The charging power relied on by the Crown in contained in rule of the Ninth Schedule of the Income Tax Act, 1952, dealing with the rules applicable to Schedule E.
The Crown do not allege that the Pounds 36,000 was in either case a salary, a fee, a wage or a perquisite, but they say it was a profit from the respective offices or employments of the appellants.
The fundamental question is in each case, was the Pounds 36,000 in share value transferred to each appellant a gift or a profit from his position with the Meccano company Each had an office with the company. Was this windfall a profit 'therefrom' ?
At the outset it was intended to be a gift. It was not prompted by and was not in respect of any special services rendered to the donors. The transactions were inspired by high motives and with the intention of fulfilling moral obligations. The transactions could have been carried out in accordance with the intention of the Hornby brothers without any documents at all except the transfer forms, and there is no real reason to think they would not have been fulfilled. There was no need to introduce anything of a business character into them. In all the circumstances, so large a sum in value, and a transfer of shares in the company, indicate bounty and generosity rather than remuneration in respect of the appellants respective employments. (The facts are to be contrasted with those in Salmon v. Weight, where clearly tax liability arose.)
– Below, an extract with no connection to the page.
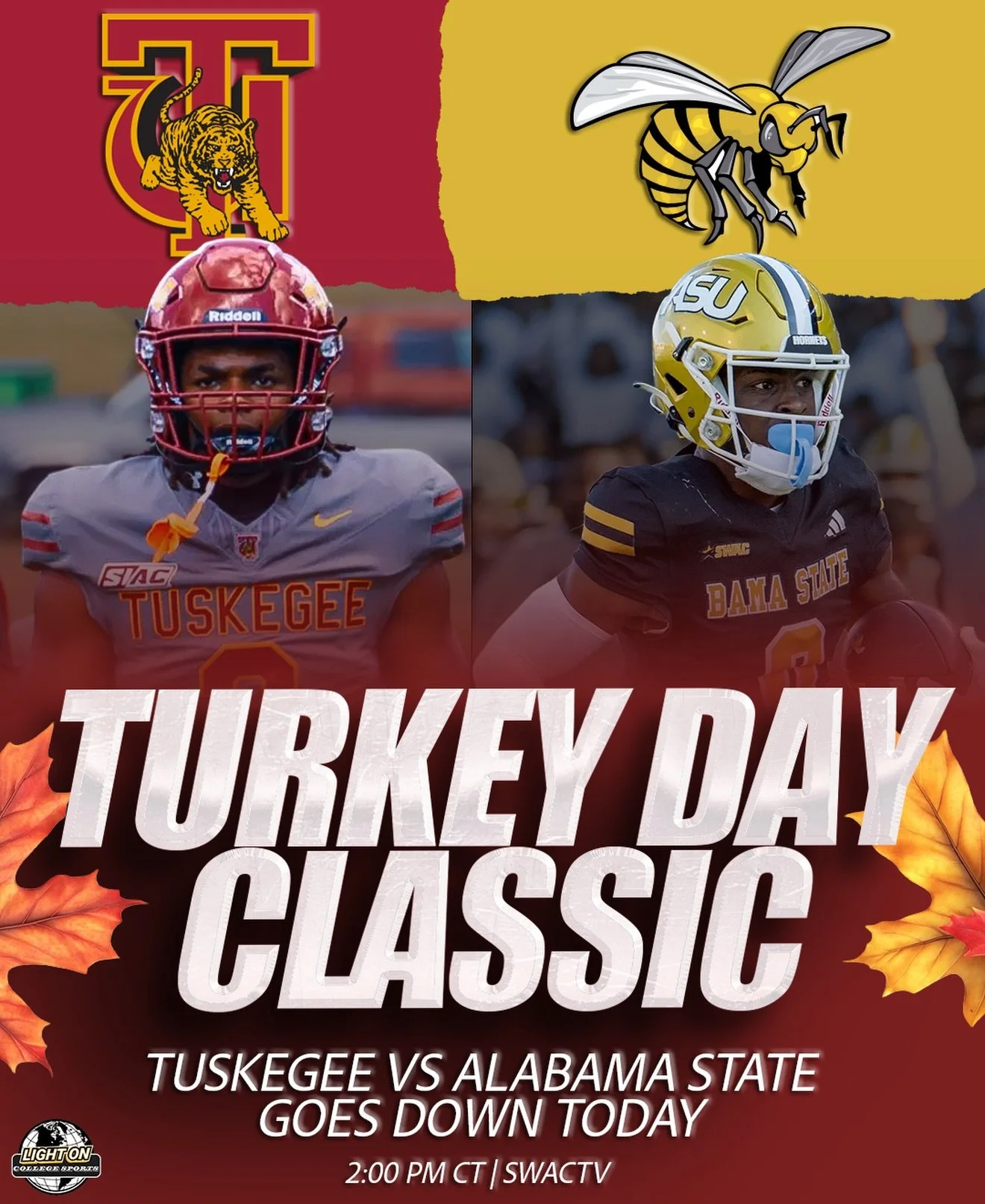 The Turkey Day Classic goes down today  between Tuskegee and Alabama State 🦃🍽️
These matters need not be stressed. Had it not been for the deeds Danckwerts J. would have found in favour of the appellants and would have been satisfied that the shares in question were gifts. Without the deeds I do not feel any doubt that that would have been the right view to take.
The judgment continues as follows : 'But the transaction was changed. It was conceived that it was desirable to introduce the element of consideration in order to make the promises legally enforceable, and the consideration which was selected was a promise by Bearsley and Hewitt to continue serving in their offices with the company for four years from the date of the deeds of covenant. In this way, the acquisition of the shares under the terms of the deeds irretrievably was linked up with the services of the taxpayers as officers of the company. It 'seems to me to be impossible to deny that under the obligations created by the deed the shares were received by the taxpayers by reason of their offices, and, therefore, as profits of these offices.'
Jenkins L.J.s judgment has taken from one of the deeds the recitals and clause 1, and I do not repeat those extracts, but I would read in addition only clause 3 : 'If the covenantee shall die before he had become registered as the holder of the said four thousand shares then his legal personal representative shall be entitled to the benefit of the covenants and agreements hereinbefore contained.' The company was not a party to the deeds. The continuation in the employment was, therefore, not in the hands of the appellants alone, and I do not read the deeds as containing a promise by the covenantee in each case to remain four years in his existing engagement with Meccano Ltd. It would seem that if four further years of service were not fulfilled the consideration would have failed. There was, however, an express covenant by the Hornby brothers to transfer and assign the shares within three months of the death of Mrs. Clara Hornby, and as she was 93 when she died in October, 1953, it might have happened that the three months would have expired before the four years had run.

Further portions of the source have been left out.